• _Image-caption web data_
----

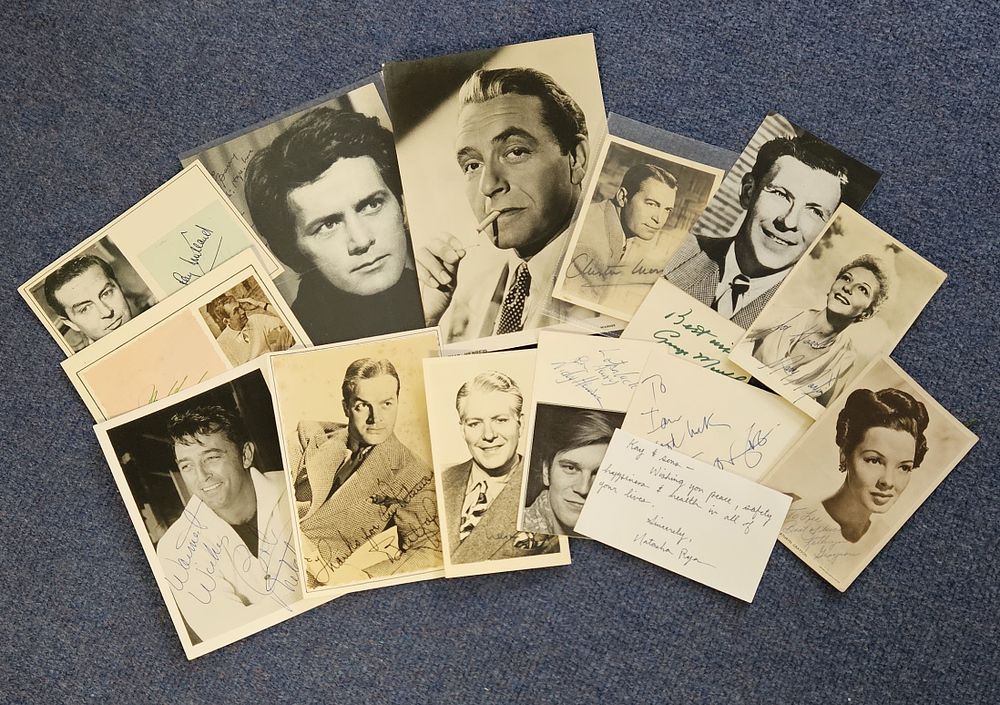 Lot 599: Actors/Actresses 10 Approx Collection signatures such as Paul...
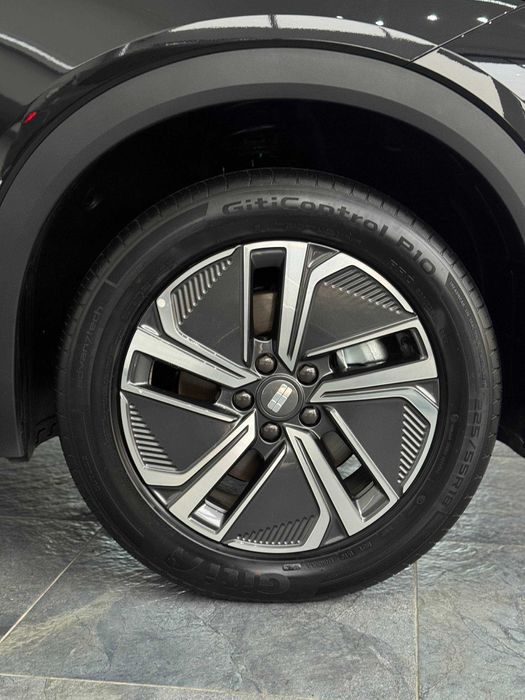 Geely EX5 EM i gibridi dillerda sotuvda 6 yillik kafolat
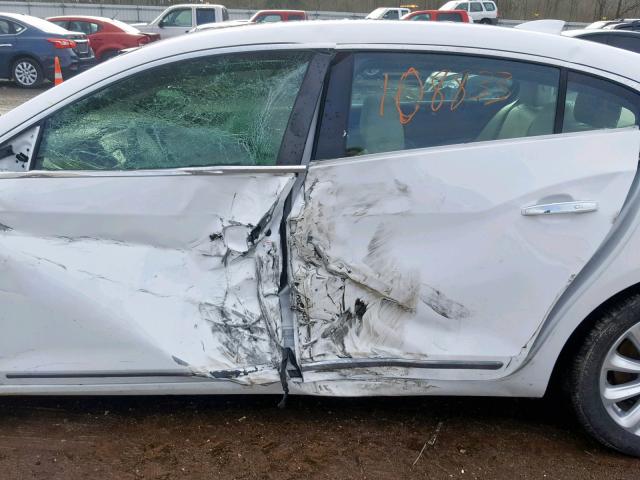 1G4GB5G33FF223592 - 2015 BUICK LACROSSE WHITE photo 9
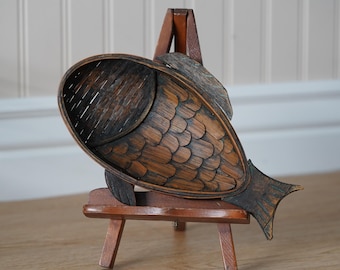 Bandeja de madera tallada a mano estilo vintage para pescado / Plato decorativo costero / Decoración náutica / Plato con almacenamiento oculto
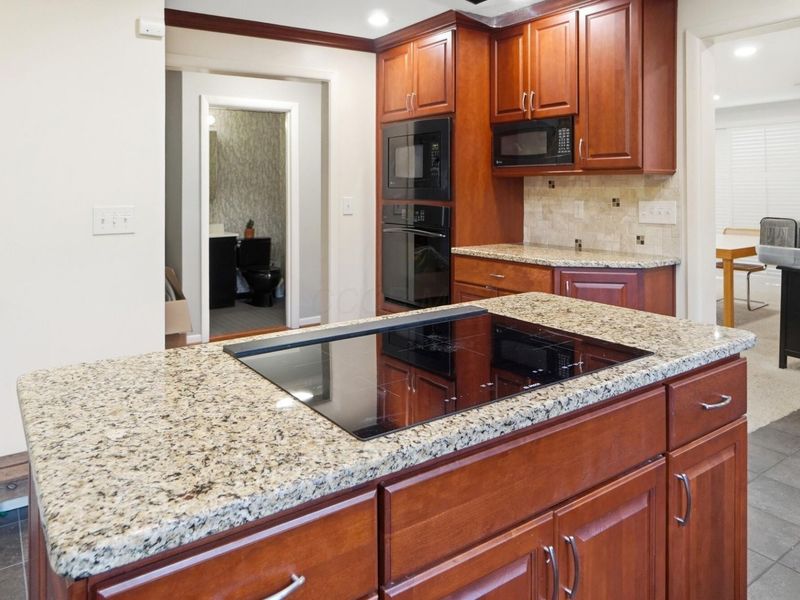 2759 Plymouth Avenue, Columbus, OH 43209 Photo 23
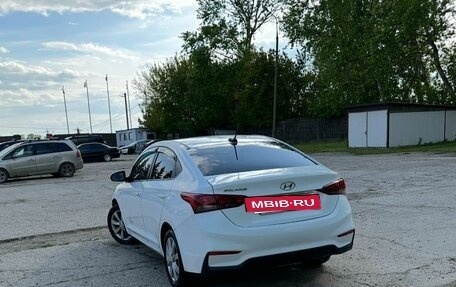 Hyundai Solaris II рестайлинг, 2018 год, 850 000 рублей, 7 фотография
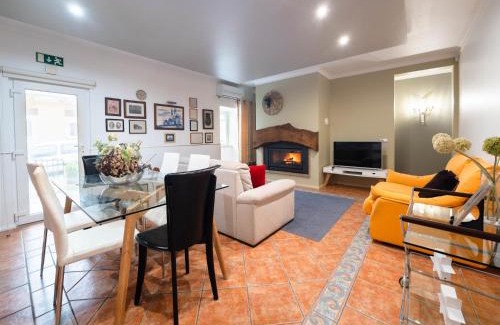 Alcobaca House | Holiday Home D'Olivia by Interhome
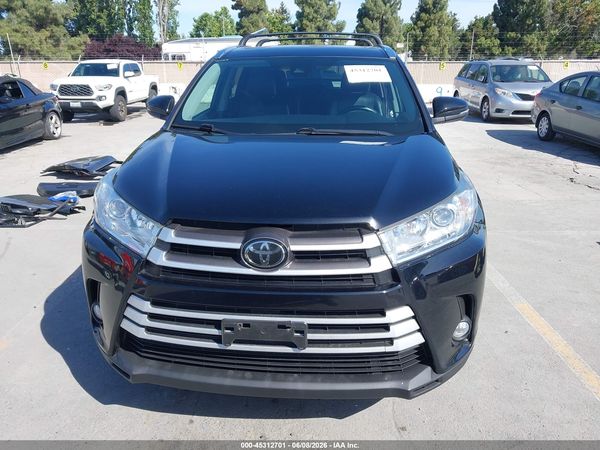 2019 TOYOTA HIGHLANDER XLE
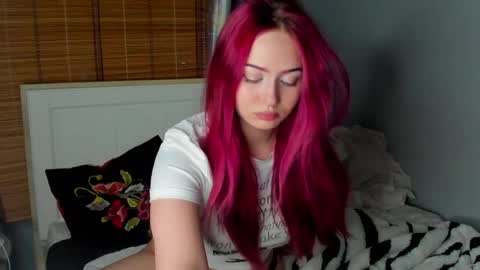 sweetyangiee online show from May 2026 08:25:01 PM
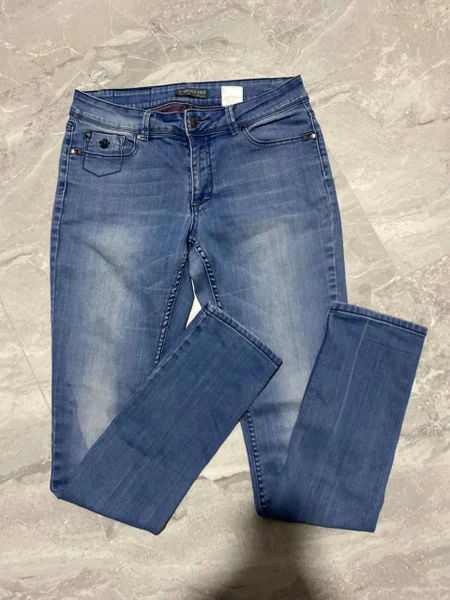 Джинсы — jean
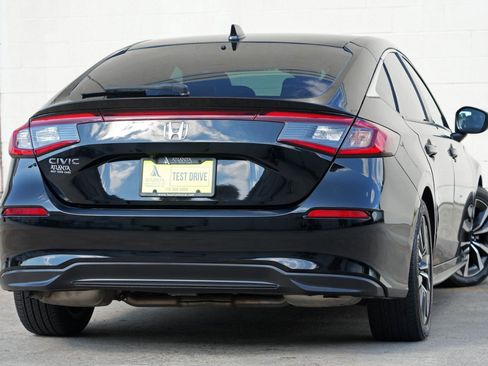 Used 2024 Honda Civic EX-L image 4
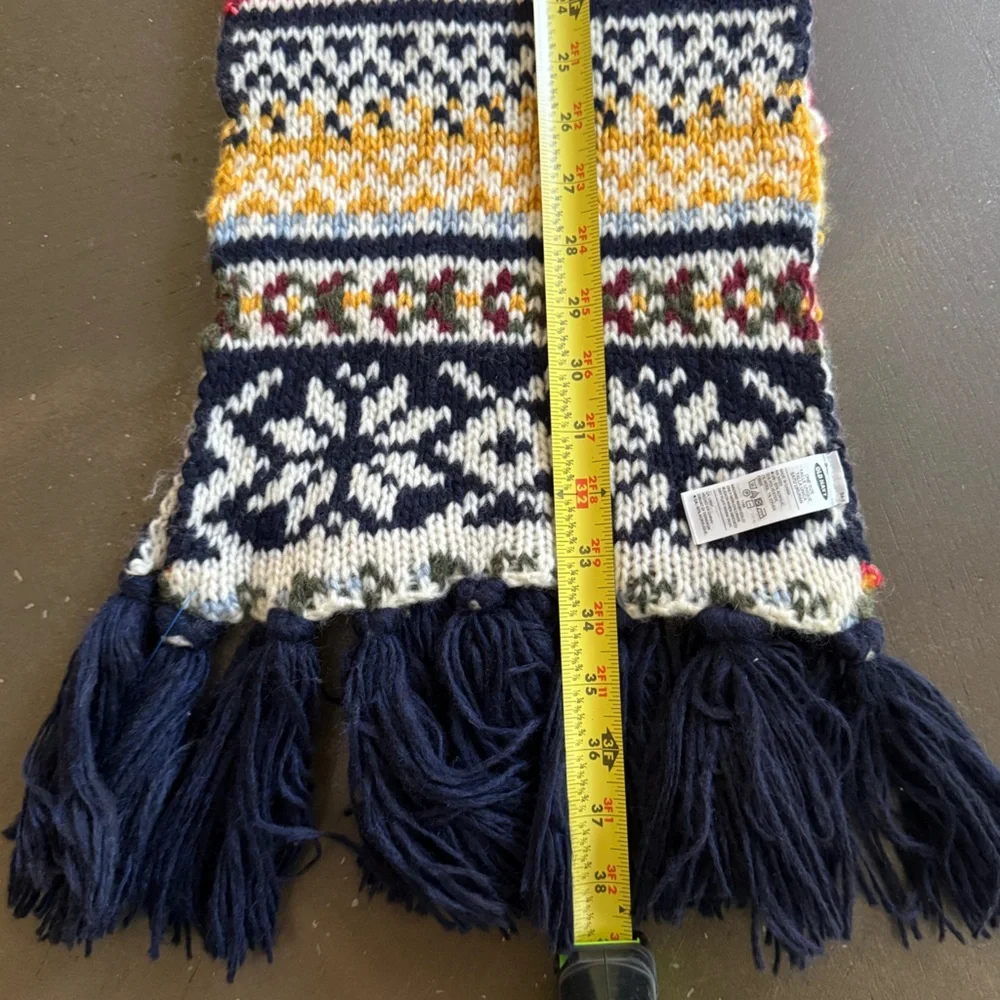 Old Navy Fair Isle Multicolor Knit Scarf 9”X 72” Navy Red Yellow Wool Nordic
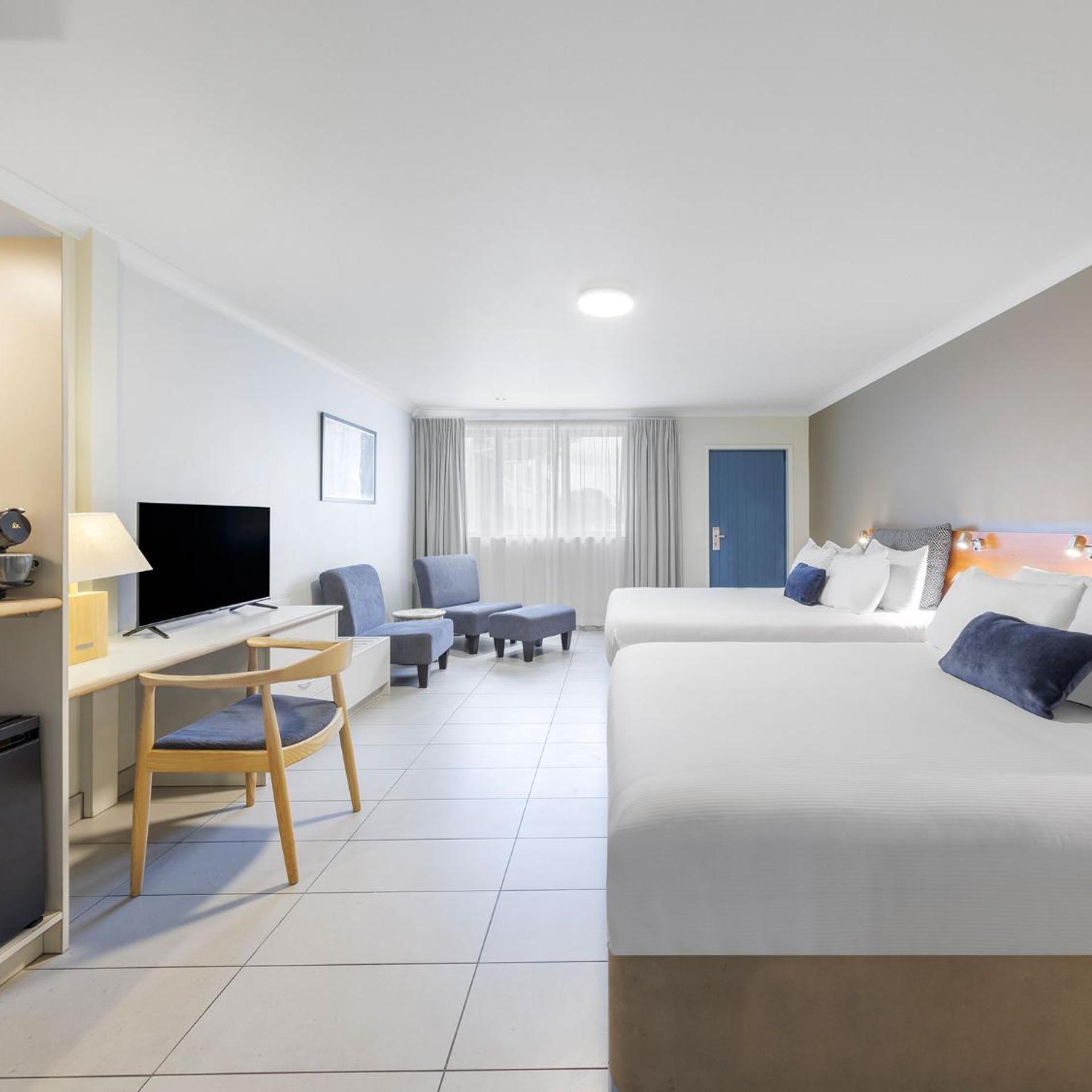 Deluxe, Twin Beds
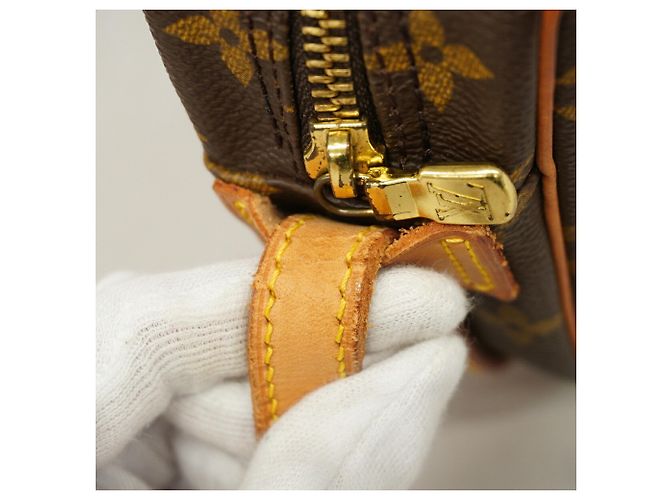 Bolsa de Ombro Louis Vuitton Monogram Jeune Fille MM - vista 7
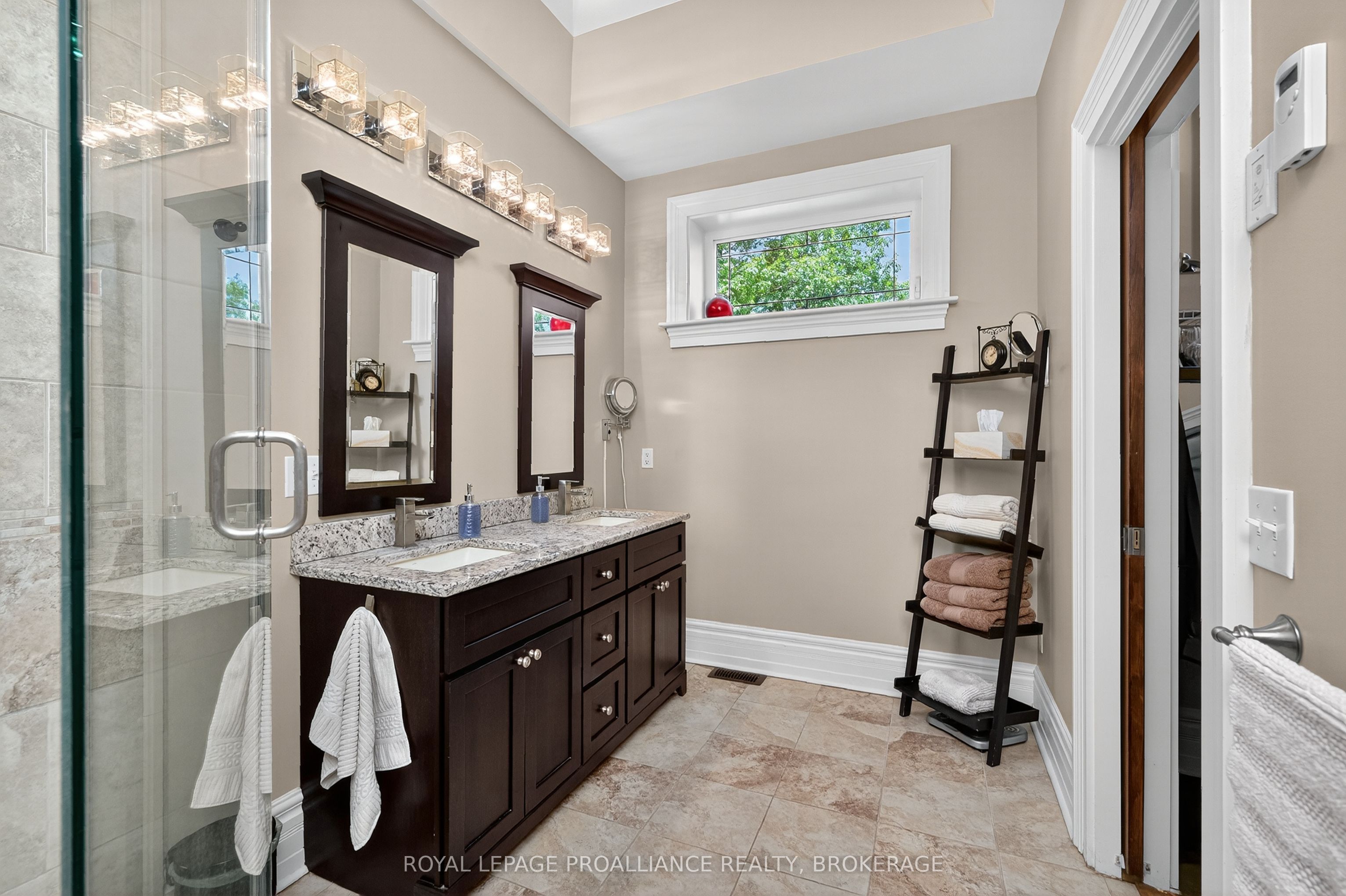 147 1000 Island Parkway Property Photo 22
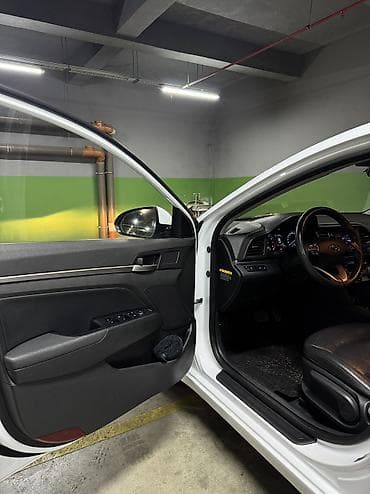 hundai: Hyundai Avante: 2018 г., 1.6 л, Автомат, Бензин, Седан — 8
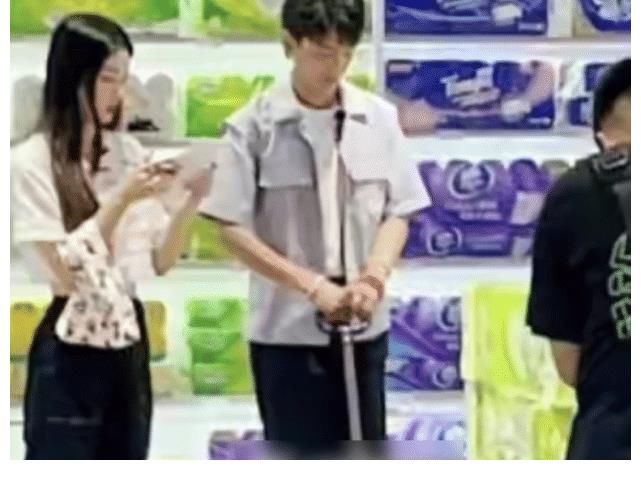 低头见|同是和丁真一起逛街，周也姚安娜态度差太多，一个细节瞬间路转粉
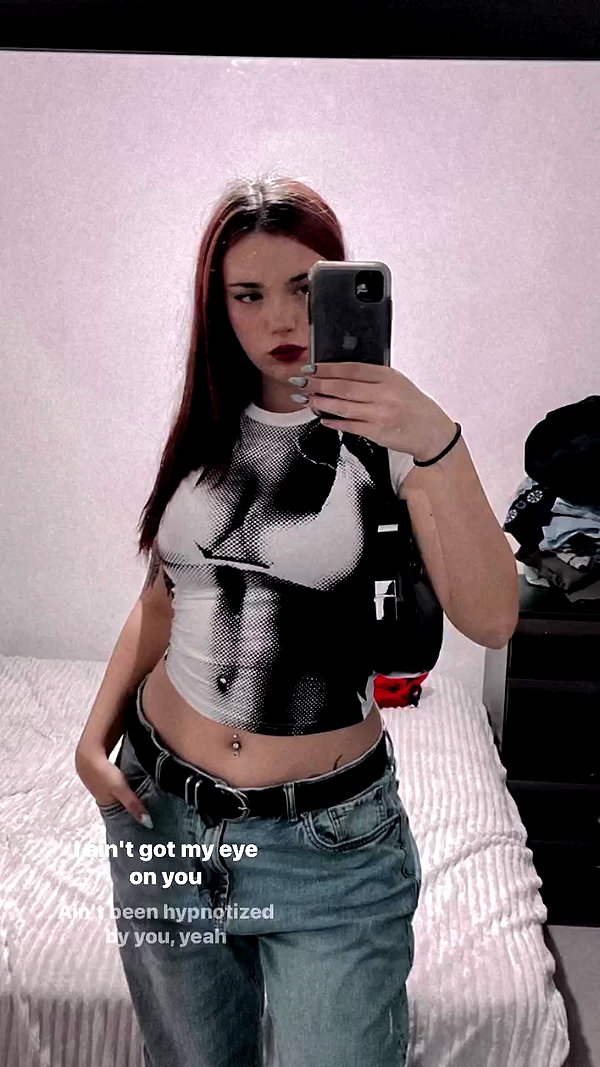 mikaleska_mikink archive video preview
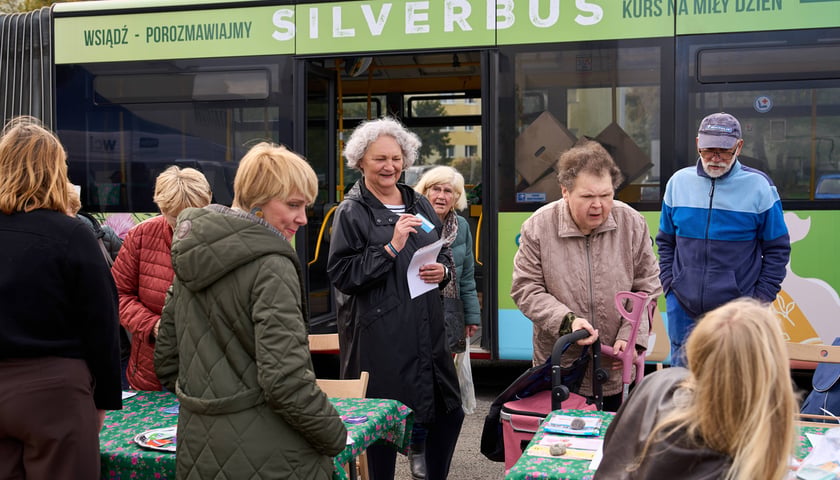 SILVERBUS - mobilny punkt informacyjny dla seniorów na wrocławskich osiedlach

----

• _WORK INSTRUCTION_
All lines from the line with "Bolsa de Ombro" through the final line of the data, both included, are to be repeated exactly; no other lines and no pictures.

• _SOLUTION BELOW_
 Bolsa de Ombro Louis Vuitton Monogram Jeune Fille MM - vista 7
 147 1000 Island Parkway Property Photo 22
 hundai: Hyundai Avante: 2018 г., 1.6 л, Автомат, Бензин, Седан — 8
 低头见|同是和丁真一起逛街，周也姚安娜态度差太多，一个细节瞬间路转粉
 mikaleska_mikink archive video preview
 SILVERBUS - mobilny punkt informacyjny dla seniorów na wrocławskich osiedlach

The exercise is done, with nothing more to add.